Friday, August 12, 2011

Does Literature Exist? Part 4

Literary Theory as Art

In Part 2 I was speaking of those who study the writings of their own tongue and approximately of their own time. This kind of study provides a lot of room for speculation. The study of ancient texts in long dead languages requires very considerable intellectual effort simply in order to gather a basic understanding of them and of the historical and social circumstances in which they were written, and thus to be able to enjoy them, and thus to be able to say something new about the story.
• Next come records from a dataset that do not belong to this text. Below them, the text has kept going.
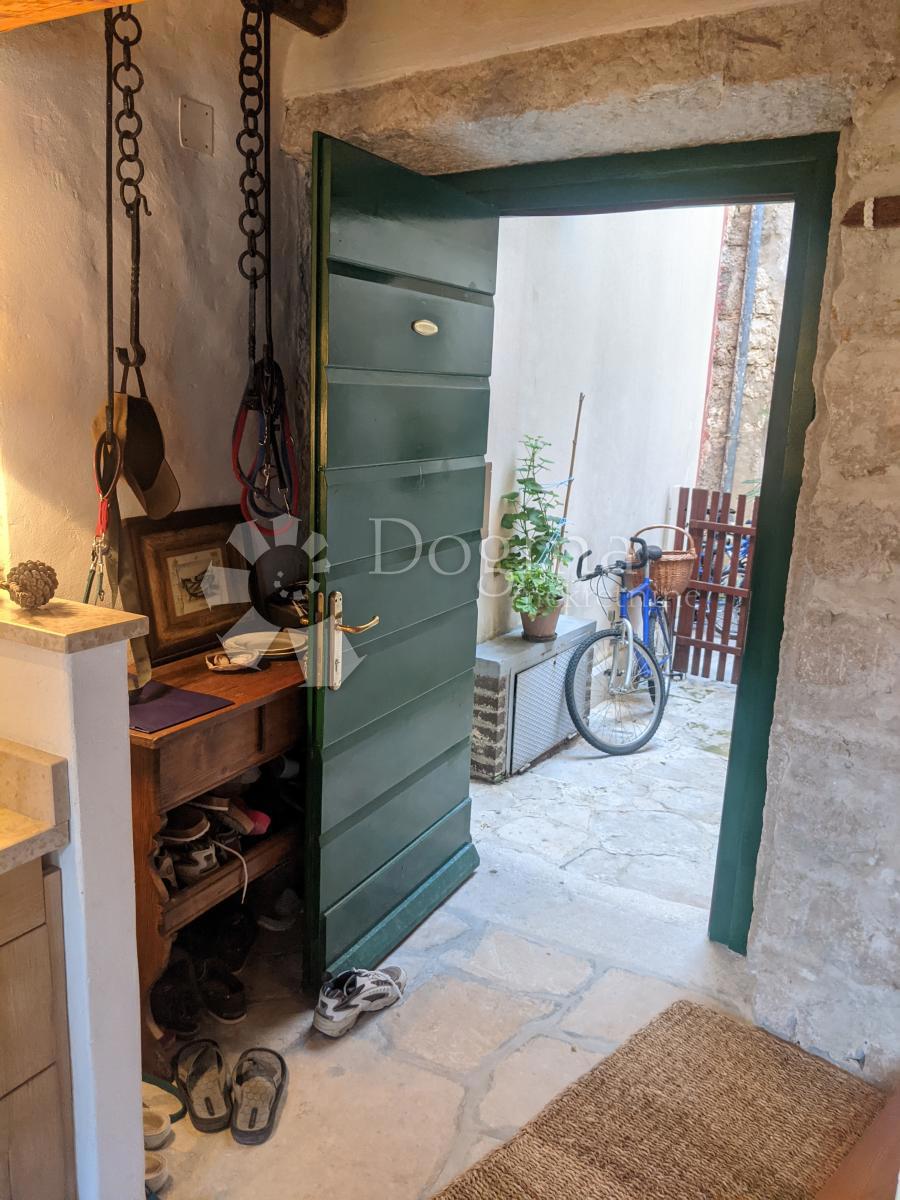 Hiša Rovinj, 102m2
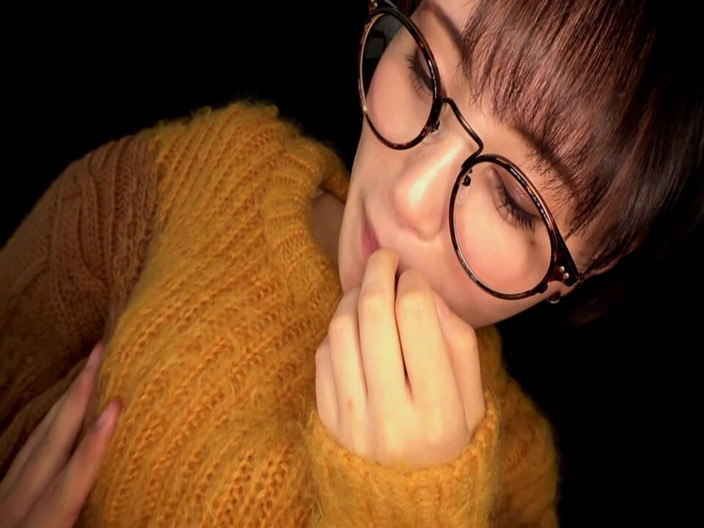 Raptor Inc: 미녀를 입은 짧은 머리 안경: 면도한 보지가 반복적으로 두근 두근으로 엑스터시에 도달합니다.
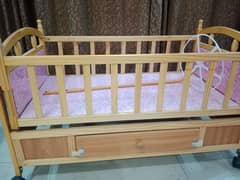 baby swing wooden(New condition)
It is odd that such scholars dedicate their intellectual labours to the search for such minimal scraps of context as might be recoverable, in order to shed fresh light on the story and its role in the society that produced it, while the scholars of modern writings in their own languages resolutely ignore the abundant and well known contextual background of their object of study in order to use it as a tool for illustrating their own ideas.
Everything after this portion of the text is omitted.